Tom: One of my favourite games of the year. Seriously. I know it inside out, but it just makes me feel all warm and fuzzy when I play it, watching all the pieces of the jigsaw sink satisfyingly into place as a cavalcade of unique boss fights and sneaking sections saunter past with cinematic majesty. The original Metal Gear Solid - for this is how I now remember it - was a system-seller, and for anybody too young to have gotten on board with it on the PSX, this ought to be too. If you don't understand why people were so up in arms about Snake's absence from most of MGS2, play this and you will. It has its fair share of control problems and occasional camera issues, but you'll get past those, and you could argue that the pacing is at times questionable, but in a way that's the key to its charm: it's meticulously unpredictable. The things you know with certainty one minute are turned upside down ten minutes later. Yet there's never too much that you get confused and bored. I personally don't understand why Ninja or a couple of the others needed re-voicing, but I'll accept it given the strength of the improved action sequences - redone in the same vein as MGS2's celebrated efforts (i.e. the ones involving movement) - and just how SOLID it's become as a results of Konami and, lest we forget, Silicon Knights' efforts.

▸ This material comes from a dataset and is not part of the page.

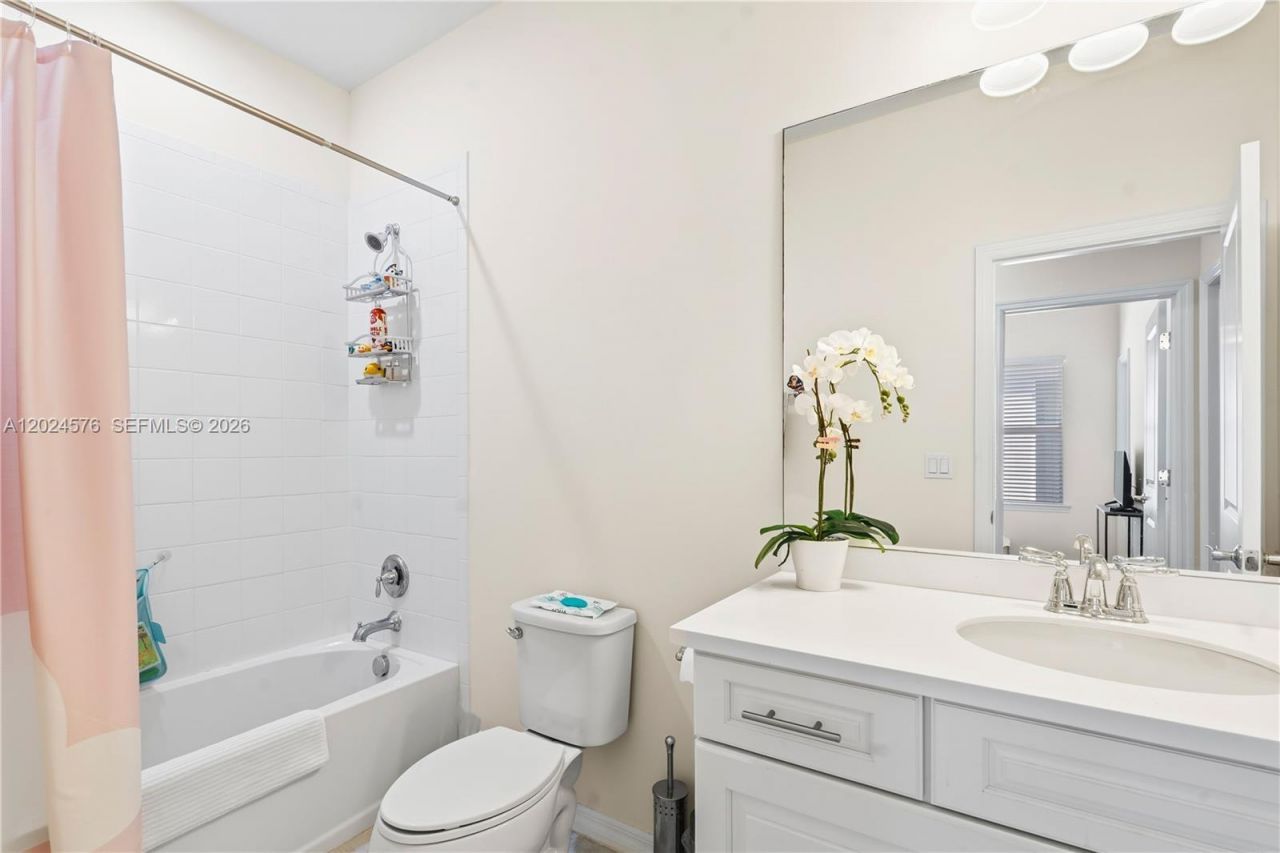 4325 Large Leaf Ln , Hollywood, FL 33021 Photo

26 - Far Cry (Ubisoft/Crytek Studios, PC)

Kieron: Has been entertaining to watch the value of Far Cry's coin rise and fall throughout the year. Hailed on release, it picked up a "It's not all that" backlash while remedially designed slosh like Painkiller somehow became cause celebre among those who failed to understand that Serious Sam did more than just lob baddies at you randomly. And now everyone is starting to love it again, thanks to the many areas within the genre where it broke genuine new ground. No, really.

Kristan: I was one of the very few critics that dared to besmirch Far Cry in only giving it 8/10, and endured a rancid backlash as a result. It was obviously a wonderful looking game for its time (being lucky enough to have been released in a clear period of post-Christmas daylight away from Doom III or Half-Life 2), and had a marvelous free roaming sense of possibility that threw up numerous ways of tacking each level. But with some of the worst AI voiceovers in the history of gaming, the atmosphere just wasn't there for me; and regular readers will attest that for me that's the X factor that I require. Mechanically and technically it was utterly superb, but these days shooters have to have much more than that to rise to the top. If you admire B-movie games with ace action, look no further. in some people's eyes this is better than Half-Life 2, but they're just being controversial, so just smile and nod.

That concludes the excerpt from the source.